**Provided data**:

-=-=-=-=-

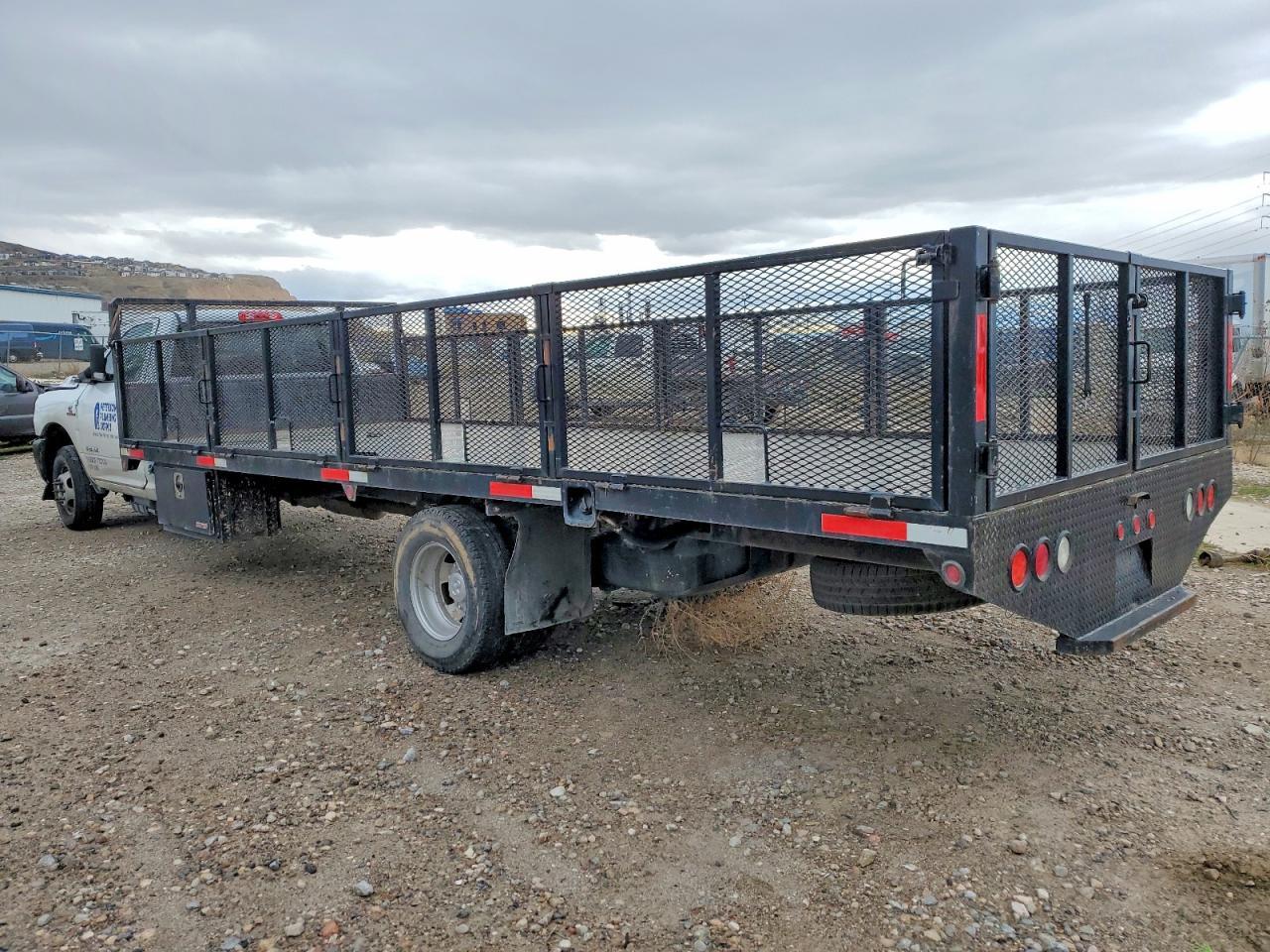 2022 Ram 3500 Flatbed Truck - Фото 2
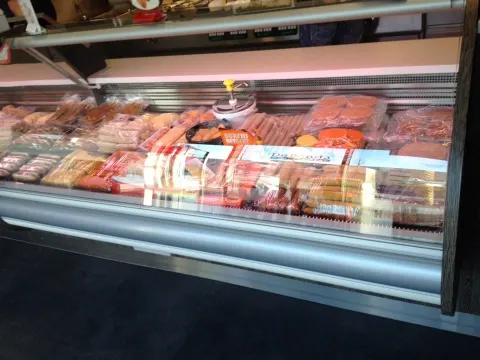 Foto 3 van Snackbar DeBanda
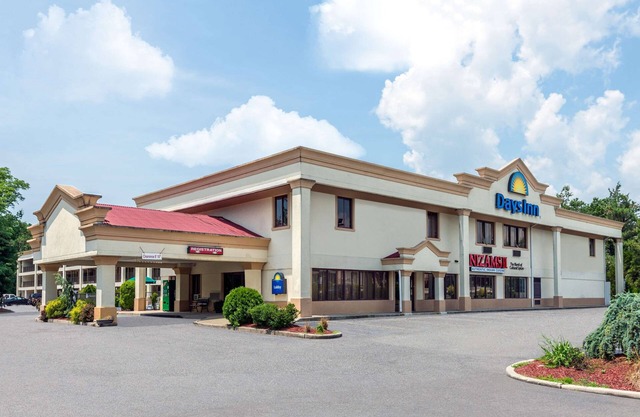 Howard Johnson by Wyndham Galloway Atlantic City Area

-=-=-=-=-

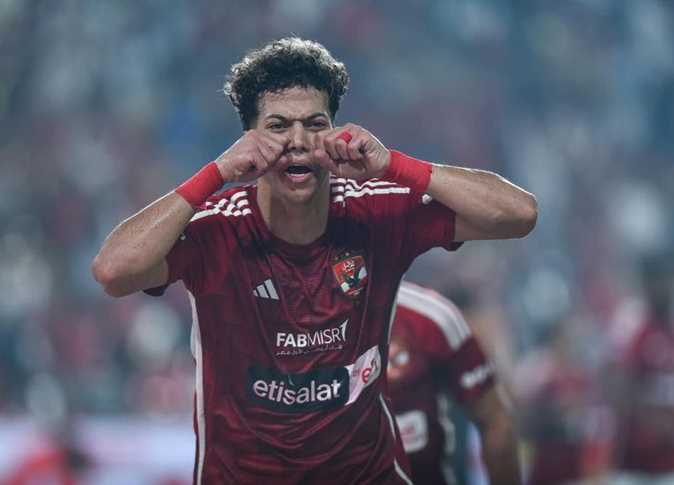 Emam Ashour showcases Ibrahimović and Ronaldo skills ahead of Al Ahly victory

-=-=-=-=-

**Task item**: Here the job is to copy the listing above word for word, starting at the line with "Foto 3 van Snackbar DeBanda" and ending at the line with "Howard Johnson by", and to leave out the pictures.

**Answer section**:
 Foto 3 van Snackbar DeBanda
 Howard Johnson by Wyndham Galloway Atlantic City Area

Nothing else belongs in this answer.